Sa logique est la suivante : les écosystèmes sont composés de populations végétales, animales et fongiques qui, du fait même de leur existence, exercent des fonctions. Si ces fonctions peuvent être détournées, voire modifiées par les humains à leur profit, elles deviennent des services qui se déclinent en : i) services d’approvisionnement, à savoir les ressources naturelles exploitées par les humains pour se nourrir, se vêtir, se chauffer et se soigner, ii) services de régulation que sont les grands cycles biogéochimiques, la purification de l’eau et de l’air, la séquestration du carbone par les organismes vivants, le recyclage des nutriments, bref, tout ce qui contribue à l’entretien des écosystèmes, iii) services de support comme la photosynthèse, la production de biomasse, la formation des sols, la pollinisation des plantes ou la dispersion de leurs propagules par les animaux, et iv) services culturels, qui recouvrent toutes les valeurs intangibles que nous reconnaissons à la nature en termes d’esthétique, de spiritualité, d’usage ludique, etc.

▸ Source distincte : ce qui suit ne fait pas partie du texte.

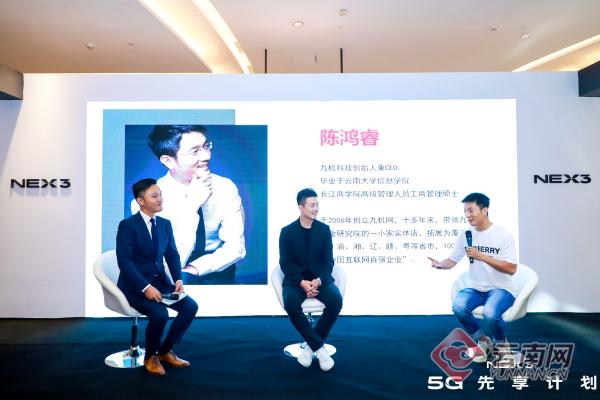 nex35g的发布,nex3s5g旗舰新品预售正式开启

Fig.1 : Le vivant non humain au service des humains.  Chaque élément de biodiversité exerce des fonctions qui peuvent être valorisées en services. L’exploitation excessive de ces fonctions entraîne la dégradation du système (changement global). (Schéma J. Blondel)

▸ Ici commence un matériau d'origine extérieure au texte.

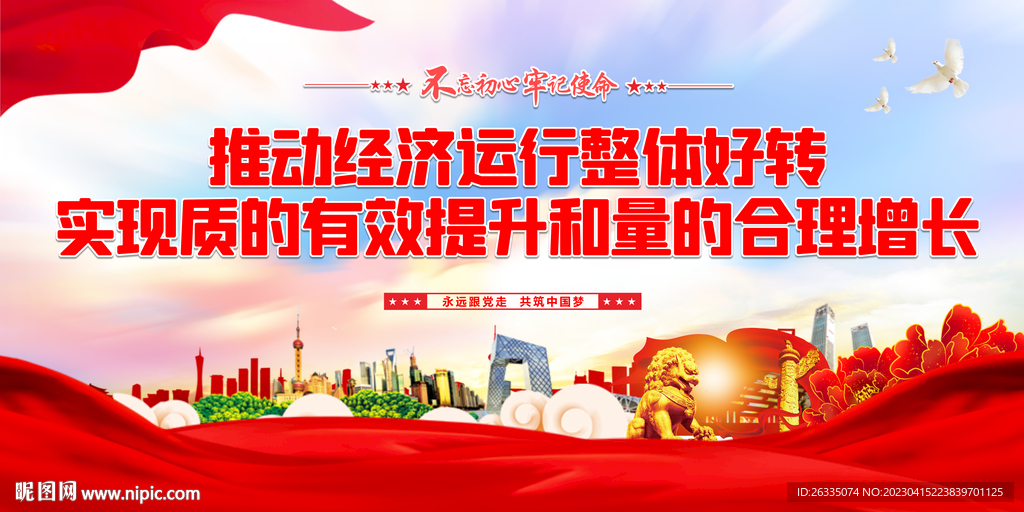 推动经济运行整体好转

Ce stade abouti d’anthropocentrisme a sa logique : si le capital naturel disparaît à un rythme incompatible avec un développement soutenable des sociétés humaines, il faut inventer un modèle économique qui l’incorpore afin que, comme pour tout capital, sa valeur soit rémunérée et qu’il soit entretenu, si possible augmenté, et restauré s’il se dégrade. L’instrumentalisation de la nature par le biais des services écosystémiques entraîne un glissement normatif par lequel le concept flou, inclusif et polysémique de nature se requalifie en biodiversité, puis en patrimoine naturel, et enfin en services qu’il s’agit de gérer pour le plus grand bien de leurs gestionnaires et, par ricochet, pour celui de la nature.

Mais la quantification des « services écosystémiques » par leur évaluation monétaire participe d’une marchandisation de la nature qui revient à adosser les stratégies de conservation à des logiques de marché, ce qui ne va pas sans soulever de sérieux problèmes éthiques (Maris, 2014, Blondel 2020). Cette instrumentalisation de la biodiversité pratique une double réduction : elle tend à réduire la nature à ses seules valeurs instrumentales, et les quantifie par une seule métrique, celle de la monnaie.

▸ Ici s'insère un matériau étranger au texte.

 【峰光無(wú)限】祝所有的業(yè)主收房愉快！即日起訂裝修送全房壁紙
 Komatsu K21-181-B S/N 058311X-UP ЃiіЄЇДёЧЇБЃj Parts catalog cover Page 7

En n’explicitant pas formellement –à mon sens- la distinction entre valeurs d’usage et valeur intrinsèque de la nature (mais voir par ex. Daily et al. 1997 et les Regards R4, R59, R81, RO10), la notion de services écosystémiques soulève une question de fond. Car si les premières sont instrumentales et servent d’autres fins qu’elles-mêmes, par exemple lors d’une transaction financière, la seconde, non instrumentale, est reconnue à une chose, une personne ou tout être vivant pour lui-même, indépendamment de tout bénéfice qu’on pourrait en tirer. Or les fonctions qu’exercent les entités vivantes au sein des écosystèmes et les relations qu’elles entretiennent entre elles représentent une valeur incommensurablement plus grande que celle des seuls services identifiés et comptabilisés. L’économie ne pourra donc jamais prendre en considération que la partie émergée du gigantesque iceberg de bienfaits réellement ou potentiellement apportés aux humains par la biodiversité.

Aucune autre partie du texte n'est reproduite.